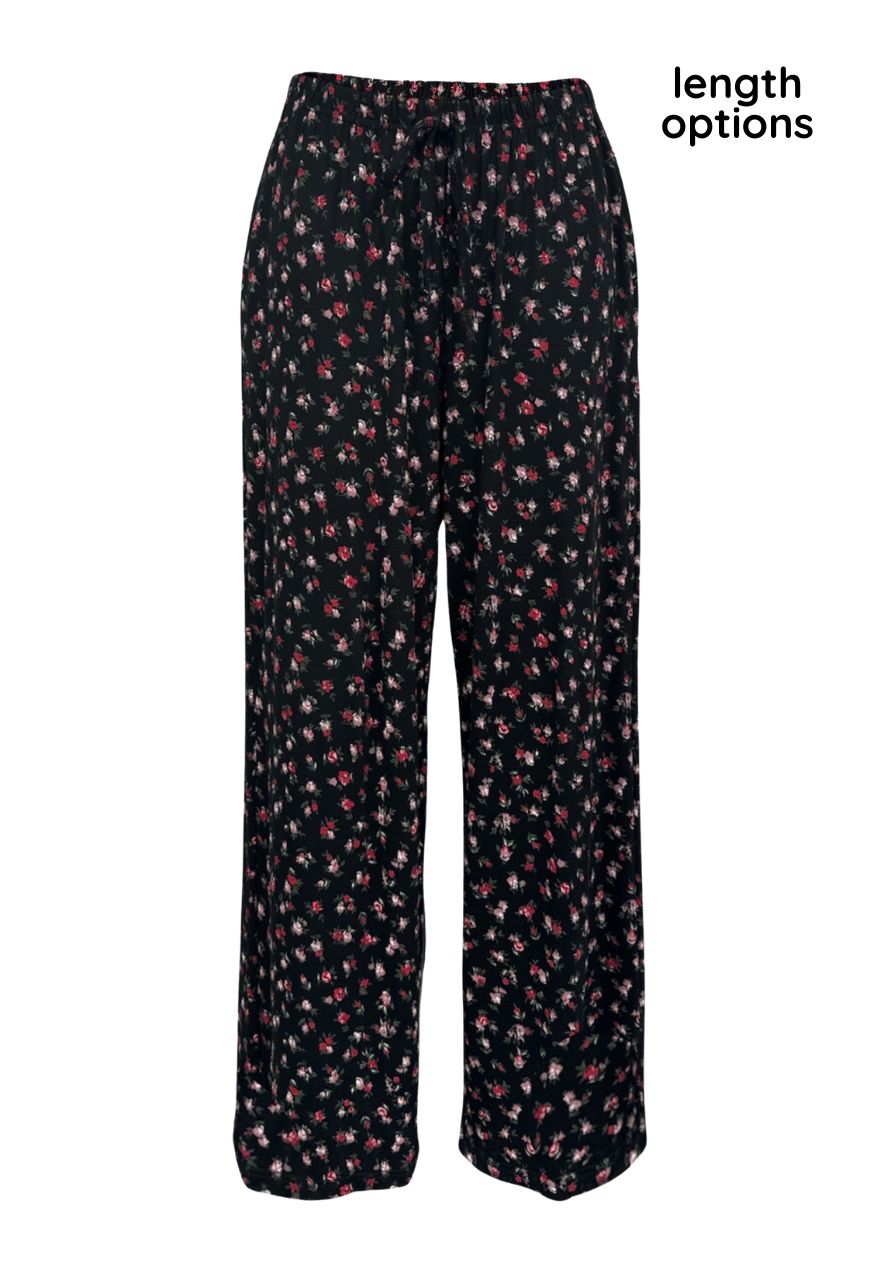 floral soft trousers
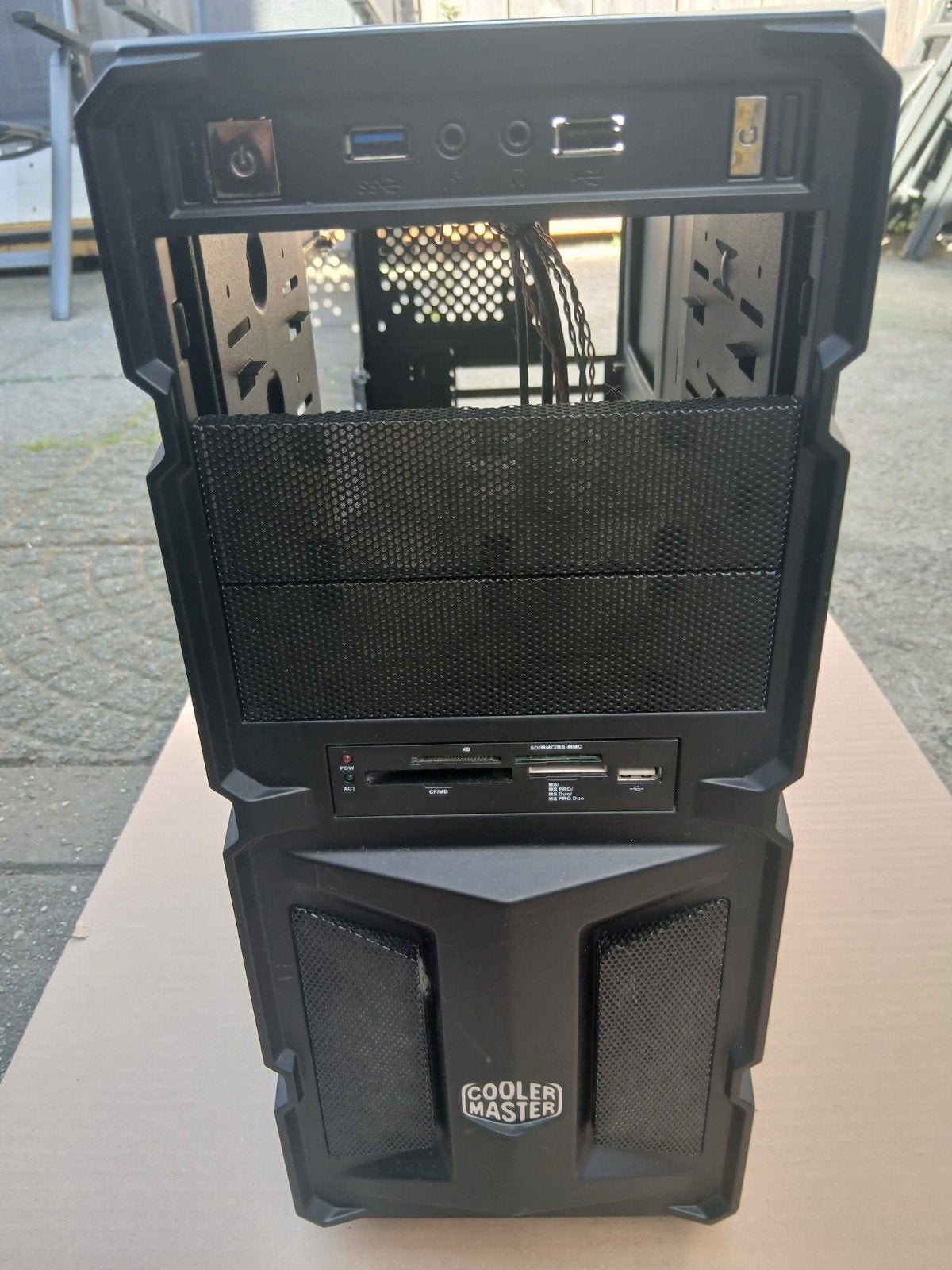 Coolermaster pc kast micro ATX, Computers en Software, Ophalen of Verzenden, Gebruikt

==

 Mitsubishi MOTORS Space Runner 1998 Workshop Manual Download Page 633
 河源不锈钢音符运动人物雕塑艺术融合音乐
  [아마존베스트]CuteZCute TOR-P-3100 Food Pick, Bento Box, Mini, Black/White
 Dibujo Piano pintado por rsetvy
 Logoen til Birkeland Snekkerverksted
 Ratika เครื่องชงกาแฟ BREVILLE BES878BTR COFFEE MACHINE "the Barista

Exercise prompt → Every line above from the line with "河源不锈钢音符运动人物雕塑艺术融合音乐" to the line with "Ratika เครื่องชงกาแฟ BREVILLE", inclusive, must be returned exactly; no other line belongs in the reply.

Output of the exercise →
 河源不锈钢音符运动人物雕塑艺术融合音乐
  [아마존베스트]CuteZCute TOR-P-3100 Food Pick, Bento Box, Mini, Black/White
 Dibujo Piano pintado por rsetvy
 Logoen til Birkeland Snekkerverksted
 Ratika เครื่องชงกาแฟ BREVILLE BES878BTR COFFEE MACHINE "the Barista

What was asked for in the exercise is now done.